Maka, ketika datang, Islam menjadi unsur pemerkaya suatu bangunan harmoni peradaban Nusantara. Bandingkan itu, misalnya, dengan rangkaian panjang ratusan tahun sejarah Yerusalem. Yang terus berlangsung di sana sampai sekarang adalah sejarah penaklukan, penghancuran, dan pembasmian. Segala bentuk kekejian paling ekstrem manusia terjadi di sana.

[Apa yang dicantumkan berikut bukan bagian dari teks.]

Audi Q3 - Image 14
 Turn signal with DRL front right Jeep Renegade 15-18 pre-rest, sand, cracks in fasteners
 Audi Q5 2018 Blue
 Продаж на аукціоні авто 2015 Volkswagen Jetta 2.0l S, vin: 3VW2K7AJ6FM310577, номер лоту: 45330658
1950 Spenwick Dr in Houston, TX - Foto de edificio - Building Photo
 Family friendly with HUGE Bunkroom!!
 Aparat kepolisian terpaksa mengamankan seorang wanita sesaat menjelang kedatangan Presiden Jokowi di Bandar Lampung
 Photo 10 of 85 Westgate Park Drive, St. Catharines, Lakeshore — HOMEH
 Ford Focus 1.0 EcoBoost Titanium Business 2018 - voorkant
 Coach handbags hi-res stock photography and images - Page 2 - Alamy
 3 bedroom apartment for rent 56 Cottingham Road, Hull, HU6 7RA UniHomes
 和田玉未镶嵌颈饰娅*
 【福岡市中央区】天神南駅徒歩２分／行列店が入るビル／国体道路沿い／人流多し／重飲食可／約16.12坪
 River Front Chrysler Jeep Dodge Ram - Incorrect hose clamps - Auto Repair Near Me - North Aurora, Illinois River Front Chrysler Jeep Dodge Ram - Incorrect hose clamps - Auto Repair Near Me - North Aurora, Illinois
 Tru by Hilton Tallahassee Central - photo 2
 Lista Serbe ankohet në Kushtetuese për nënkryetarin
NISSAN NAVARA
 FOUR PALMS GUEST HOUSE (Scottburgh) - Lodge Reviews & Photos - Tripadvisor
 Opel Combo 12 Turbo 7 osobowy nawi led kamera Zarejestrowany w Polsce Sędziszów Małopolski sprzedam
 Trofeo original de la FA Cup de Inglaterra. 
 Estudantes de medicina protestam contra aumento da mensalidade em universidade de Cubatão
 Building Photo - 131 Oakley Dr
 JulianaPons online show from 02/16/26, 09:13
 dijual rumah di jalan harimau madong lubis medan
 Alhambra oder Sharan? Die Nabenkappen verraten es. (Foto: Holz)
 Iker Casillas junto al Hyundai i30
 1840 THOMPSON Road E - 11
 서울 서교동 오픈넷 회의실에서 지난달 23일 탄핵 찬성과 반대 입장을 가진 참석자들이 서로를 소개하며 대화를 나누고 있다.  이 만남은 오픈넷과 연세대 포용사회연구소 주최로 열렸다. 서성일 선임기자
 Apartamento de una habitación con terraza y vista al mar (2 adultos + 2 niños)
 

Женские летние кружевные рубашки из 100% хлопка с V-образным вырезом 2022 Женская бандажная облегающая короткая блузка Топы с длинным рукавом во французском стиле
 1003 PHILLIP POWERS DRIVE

Kedua, umat Islam adalah pewaris sejarah kolaborasi saintifik par excellence bagi peradaban umat manusia di dunia. Entah kenapa, yang selalu menonjol diajarkan dan dirindukan sampai terbawa-bawa ke dalam mimpi adalah sejarah “kejayaan”, “keemasan”, “penaklukan”. Persepsi kesejarahan yang dibangun selalu “kebangkitan”, “kemenangan”, dan (kalau bisa) “dominasi”.
Maka, yang terjadi adalah umat yang menderita inferiority complex sepanjang masa, selalu merasa terancam, penuh curiga, egosentris dan tidak pernah bisa bekerja sama. Bagaimana mungkin, dengan mentalistas yang rapuh seperti itu, akan terulang prestasi di masa lalu, ketika umat Islam membukakan laci filsafat Yunani bagi dunia Barat?
Begitulah, di tengah umat Islam yang mayoritas di negeri ini, orang-orang seperti Jenderal Kival Zein selalu punya peluang untuk berhasil.